Averaging samples from a population with log-normal distribution

post by CrimsonChin · 2023-11-03T19:42:16.630Z · LW · GW · 2 comments

Contents

    A silly example of CLT
     Does it work with log-normal populations?
  Chess matches:
    Data from the population
    Tournaments
  Lessons?
None
2 comments

This was originally a comment on this post [LW · GW] by mruwnik [LW · GW] regarding averaging various distributions with different distributions. I made it a post to include pictures.

The Central Limit Theorem, henceforth CLT, states (in my own words) that regardless of the distribution of a population, sample averages from that population should be normally distributed.

In theory it should hold for log-normal distributions but that doesn't feel intuitive to me so I tested it.

A silly example of CLT

An example I made up in my head to make sense of it: 

Imagine a population comprised of all the people who nap 2 times in a day. Lets plot the ages of this population:

Mostly infants and elderly people nap, hence the shape of the graph. This data is NOT normal. But if you randomly pick a small sample (n=10) from this population and average it, it will have a mix of old people and infants that averages to middle-age. For example imagine the ages are 80,2,1,2,75,76,1,1,85,70 this will average to about 39. If you do this over and over again with randomly chosen samples you will get a normal distribution.

 Does it work with log-normal populations?

I didn't find it intuitive this would work for a log-normal population.

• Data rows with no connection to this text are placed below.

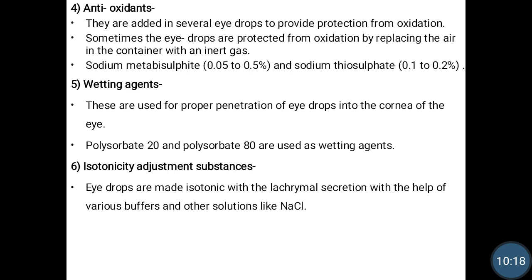The next additives are antioxidants. As the name indicates, they are added to protect the drug from oxidation and decomposition. Sometimes eye drops are protected from oxidation by replacing the air in the container with an inert gas like nitrogen, which prevents oxygen from facilitating oxidation of the drug.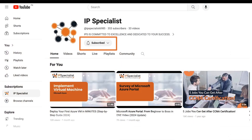But before moving on to the session, make sure that you have subscribed to our channel and clicked on the bell icon so that you may never miss any update from us.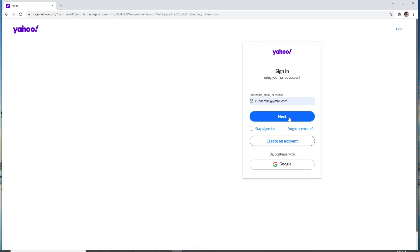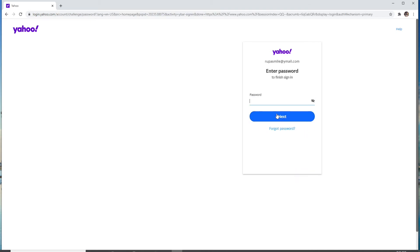On the next page, you'll need to enter the password for your Yahoo account. After entering the password, click on the next button. But in case you forgot the password, click on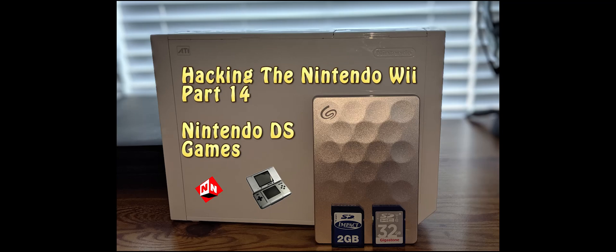Welcome to No-Nonsense Reviews and How-To's, How to Hack the Nintendo Wii Part 14. Today I'm going to show you how to add Nintendo DS games to your Wii.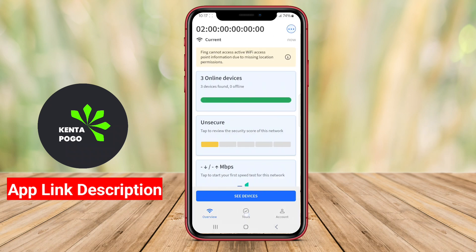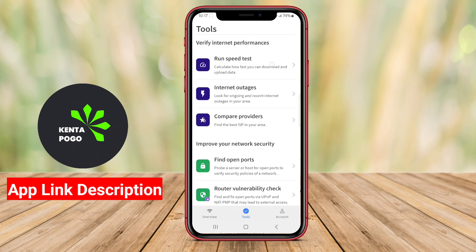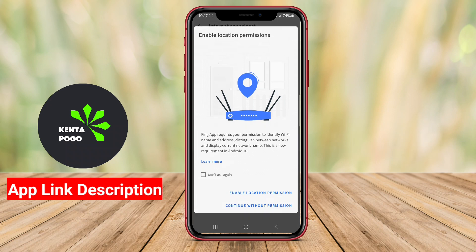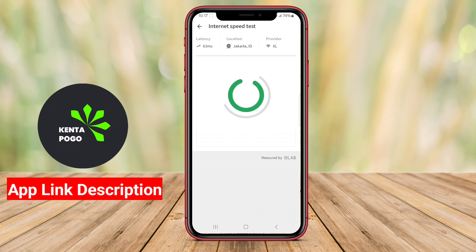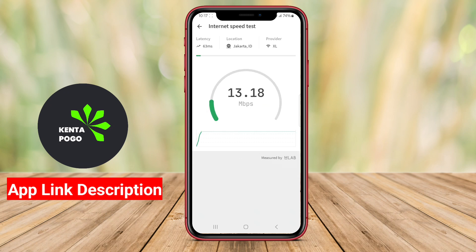With just a few taps, users can quickly discover all devices connected to their Wi-Fi network, gaining insights into their IP and MAC addresses, which fosters better awareness of their network landscape.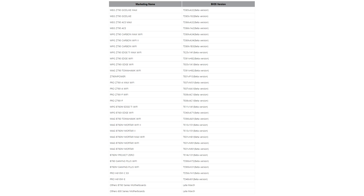MSI will continue to update the latest news for our users. Please follow MSI's official channels and check the product pages for BIOS updates.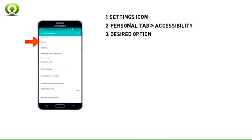Tap the desired option. Note: for this demonstration, Vision was chosen.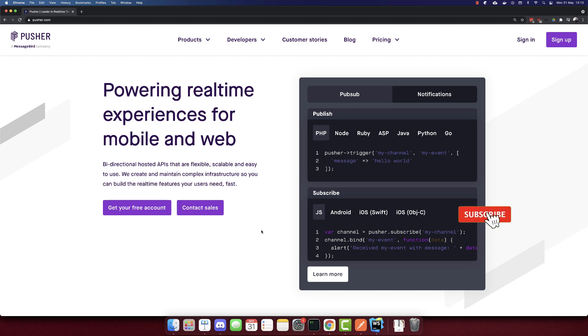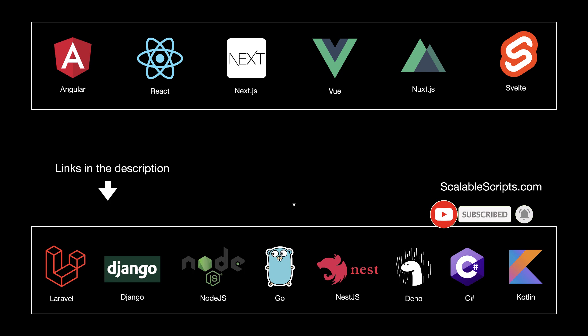In this project, we'll build a chat app using pusher. Before I show you the app, I would like to remind you that this app can be built using all of these technologies mentioned in this video.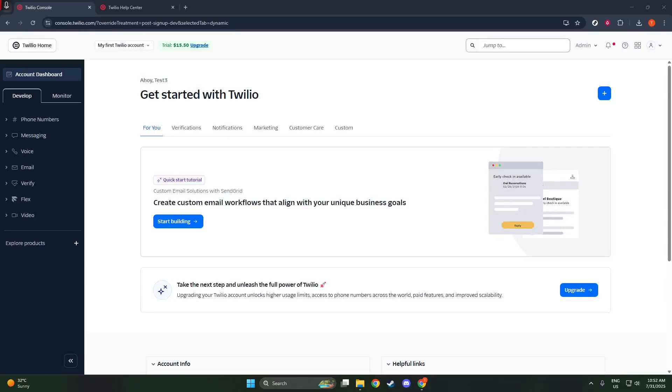In today's video, I'm going to teach you how to create your Twilio account, SID, and auth token. These two pieces of information are crucial when you're setting up your Twilio account because they serve as the keys to accessing and managing your Twilio projects.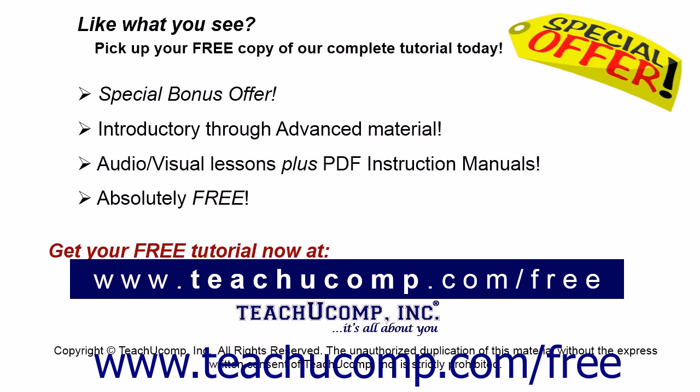Like what you see? Pick up your free copy of the complete tutorial at www.teachucomp.com/free.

If I take data that is log-normal but split it into small samples, will the average of those small samples be normally distributed?


Chess matches:

I am arranging a chess tournament. I need to figure out how long the average match is so I can plan accordingly. I hear that chess matches seem to follow a log-normal distribution, but I'm not sure what that means statistically so I will try to just average the game times. 

Data from the population

This is what my fake population (n=100,000) looks like. Its log-normal.

Tournaments

I observe tournaments (n=100 games) and take a simple average of the match length.

Here is a histogram plot of the tournaments

Lessons?

The sample size does matter here. A sample size too small (n=10) and you just end up with the original log-normal distribution. This is expected as the sample size moves from small to large you get a range of smoothing effects pushing the distribution to normal until you get a single point, when the sample = population. 

2 comments

Comments sorted by top scores.

comment by gwern · 2023-11-03T20:40:00.863Z · LW(p) · GW(p)

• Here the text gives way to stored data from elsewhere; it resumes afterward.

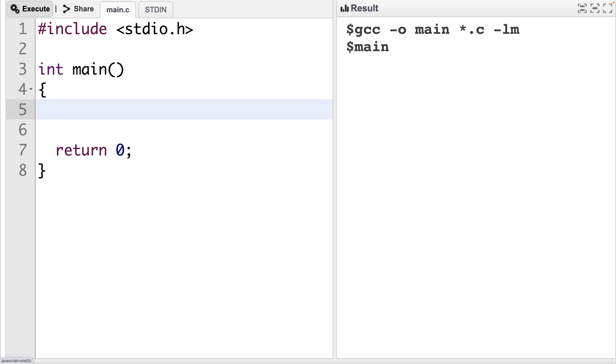In this video, we're going to learn what L values and R values are in C. If you read enough C code, at some point you'll come across compiler error messages that reference L values and R values. If we understand what these terms mean, then we can better diagnose and fix the compiler errors that we come across.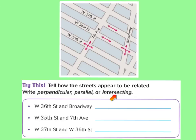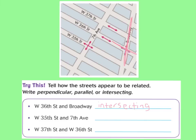For question one, West 36th Street and Broadway: they are intersecting streets. They may appear to be perpendicular, but they're intersecting because Broadway is coming at an angle — it's not parallel to 7th Avenue. If you look, you can see an acute angle here, an acute angle here, an obtuse there, and an obtuse there. Therefore, that's intersecting.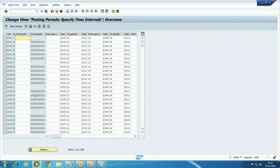Now the third step: open and close posting periods using transaction OB52. Currently, we're going to follow the current month only — we will open May and close all other periods.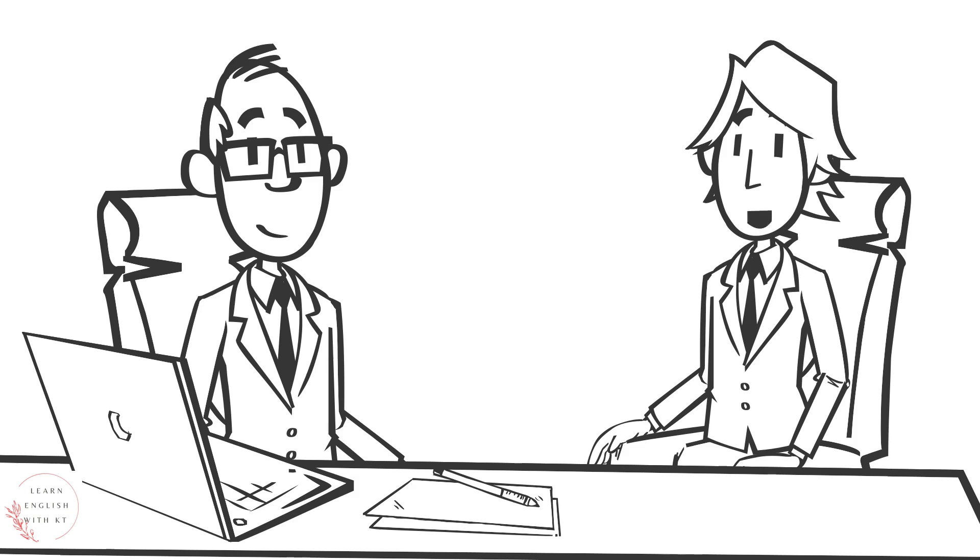Glad you liked it. Have you received your work schedule for the coming weeks? Yes, I have. It looks manageable.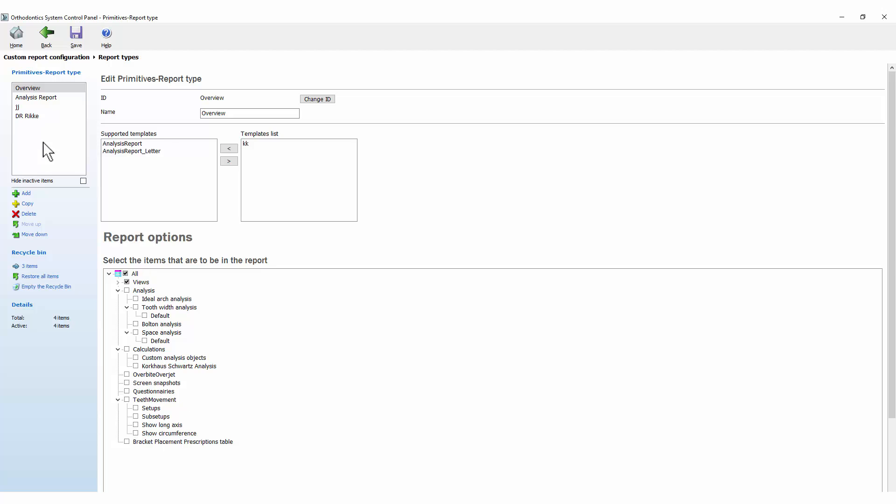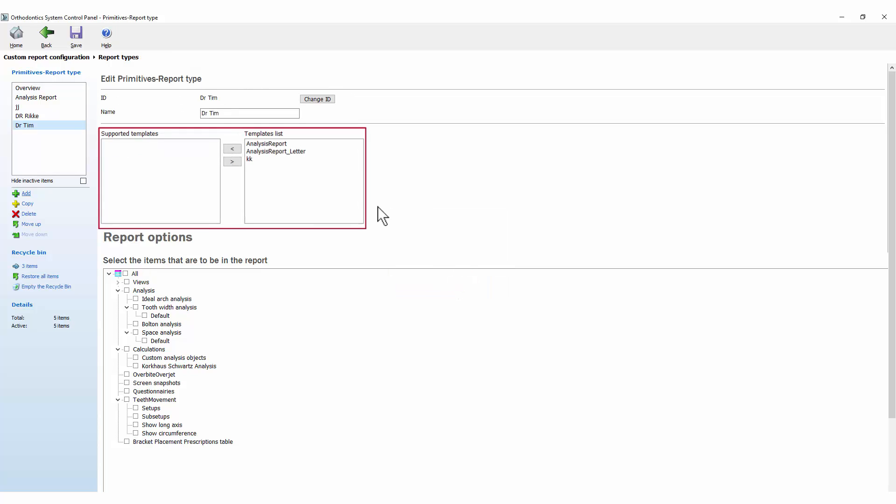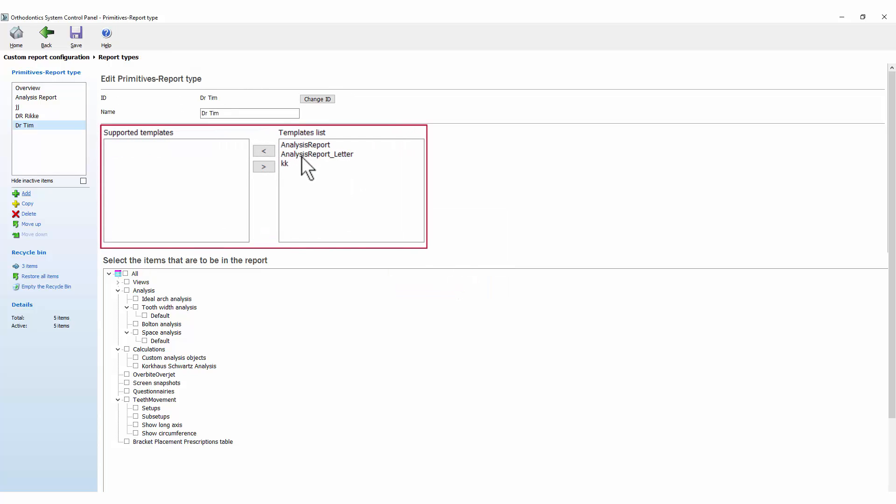To create a new report type, click the Add button, fill in the name of a report in the window that pops up, press OK, and choose which template you wish to use.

This is a good starting point to discuss where the CLT breaks down: a log-normal doesn't look all that normal, but it's normal enough that it will converge under CLT. So at what point does CLT break down? Well, the log-normal tail is fat but not fat enough to do it; you need to go to something without finite variance, like a Cauchy distribution... You could also discuss the log-normal variation of the CLT: why does it not happen for your chess match length when the chess matches are log-normal, and what sort of scenario might make it do so?

comment by lalaithion · 2023-11-03T21:03:18.163Z · LW(p) · GW(p)

There are distributions which won't approach a normal—Lévy distributions and Cauchy distributions are the most commonly known.